Failure#

For the first two to three years at Mines, I felt like I was always failing. Whether it was literally failing a class [1], failing myself when I didn’t understand things in CS, failing to make friends, failing to stay healthy or otherwise.

This may come as a surprise since I often portray a calm and collected persona, but for those three years, there wasn’t a semester where I didn’t think about dropping out or transferring schools. But I kept going.

The OreCart Story#

My greatest failure (but perhaps one of the greatest learning experiences) came via the OreCart. The OreCart is a free public shuttle service provided by Mines and the City of Golden. At the time of writing, it has three routes that usually go around Golden 6 days a week.

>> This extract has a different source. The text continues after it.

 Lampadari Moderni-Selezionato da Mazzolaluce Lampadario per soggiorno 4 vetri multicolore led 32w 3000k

In the late summer of 2023, Mines and the City of Golden came to us via Innov8x and the McNeil Center (lovely people!) to develop an app that would track the OreCarts so that people could know when they were coming and plan accordingly. This was an incredible opportunity for any students interested. We thought it was the most real app that you could ever make in college, in a class or club. It was a mini startup.

We had a core team of great, great, engineers. Since I was the ACM president at the time, we had the full support of our club and recruited more students to help out. The team developed the app for an entire year. One sentence doesn’t do that justice, but that’s what happened. We had weekly meetings where we were building real software and real, custom hardware solutions. Dorian developed and 3D-printed an entirely custom hardware unit that would go in the buses. Alex linked into that with a tracking system within our UI that he had mostly made. Tyler and I led the team and would step in for any big issues.

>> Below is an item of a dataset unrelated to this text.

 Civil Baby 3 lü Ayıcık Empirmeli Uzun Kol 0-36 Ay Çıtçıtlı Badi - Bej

However, it wasn’t all sunshine and rainbows forever. We had two major leadership changes in the Mines administration (one per semester) which brought with it conflicting priorities and timelines. Being the busy students we were, we didn’t get as much done as we could have or should have. I think both parties can take the blame.

Coming into the summer of 2024, we had all gotten internships, some thanks to the OreCart project itself. We were working on improved hardware and better real-time OreCart tracking in the app interface, since our current solution wasn’t quick enough to be usable. We had budgeted the 3 months of summer to finish the project.

One morning, Tyler and I got an unfortunate email from Mines administration: they wanted the app done immediately. I asked them: how soon is immediately? I don’t remember the exact phrasing, but it was literally as soon as possible. Tomorrow. Next week. In the next two weeks. The City of Golden had just received a massive amount of federal funding that they would use as leverage to say: get it done, people want this.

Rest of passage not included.